B: PUBLIC ENEMY: I suppose, if griping is sort of your thing, which by trade it is mine, you might wonder why a band that put out its most legendary works two decades ago is headlining a festival that, musically, was programmed so heavily with a focus on the future. If you watch Public Enemy’s set Saturday night and you aren’t stunned by the most energetic, aggressive and charismatic hip-hop show you’ve seen maybe since the last time you’ve seen Public Enemy, I’ll possibly entertain that question. Until then… Seriously: I saw these dudes play for 20,000 kids at some über-hip festival presented by another website for which I write, and it was completely shocking. I wasn’t expecting it, and maybe now you aren’t, either, but these aged dudes still have a lot to teach modern hip-hop, especially about how to rock a show.

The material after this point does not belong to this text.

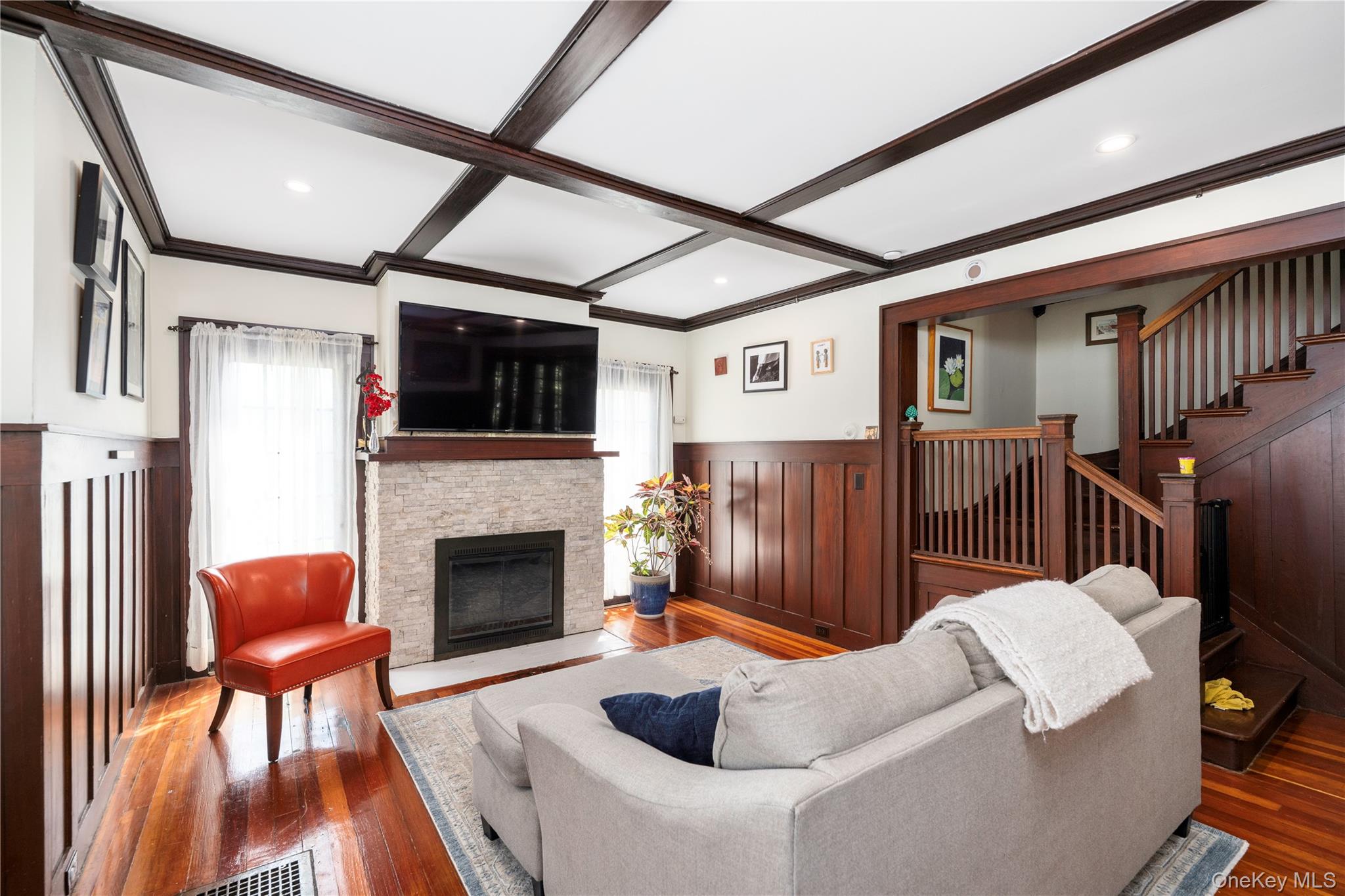 21 Barnard Avenue Property Photo 5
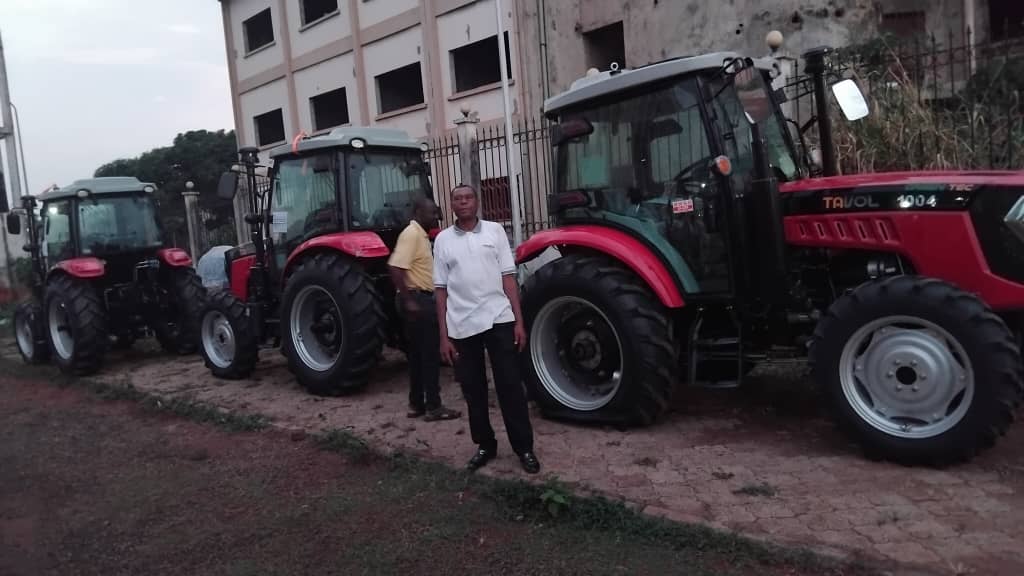 Tracteur agricole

C: FIRST RATE PEOPLE: I’m not sure where I first heard the indulgent co-ed pop of Toronto’s First Rate People, but I do know I was immediately charmed. The band’s little seven-song introduction, It’s Never Not Happening, mixed splashy dance tracks and weepy ballads with chiming jingles and dreamy odes. I got a little obsessed with it around the time we were booking the festival, so I wrote the band and asked if they might be interested in driving south. Little did I know that Hopscotch would become their first American show, a prelude to the band’s run through the north with Born Ruffians.

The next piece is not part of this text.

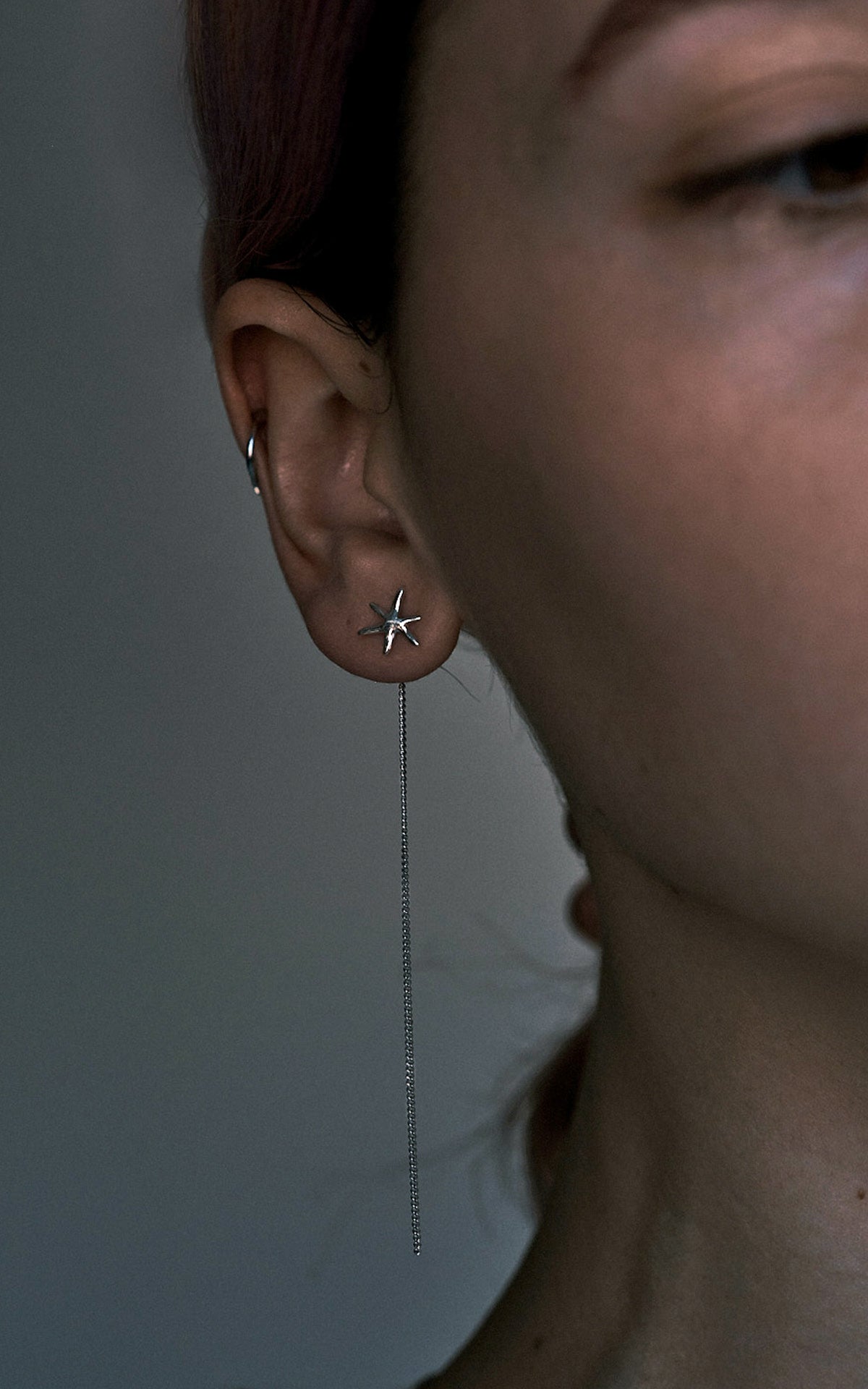 Long chain ear cuff
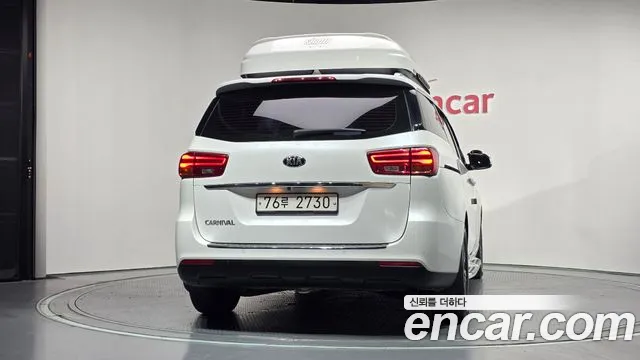 Kia Carnival 2019 thumb 8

D: LOCRIAN: I spend the bulk of my time listening to, for lack of a better descriptor, weird music—harsh noise and power electronics and doom metal and electronic drone and too much Current 93. Maybe that’s not the most logical starting point for booking a music festival that you hope is accessible to a lot of people, but I hope it worked well here. Indeed, one of my favorite things about the first year of Hopscotch is that, though it certainly brings loads of pop and indie rock and hip-hop and hard-nosed rock and heavy metal to Raleigh’s stages, there’s some genuinely out-there music, too. From the drone of Burning Star Core to the odd horn work of Ned Rothenberg, I hope this festival pushes some people’s expectations of sound. Few bands are doing that more for me right now than Locrian, a Chicago duo that blurs the boundaries between radiant drone, roaring noise and black metal. Harsh blends with halcyon, as the band’s love of power meets an obsession with finesse. Glad to have these guys in town.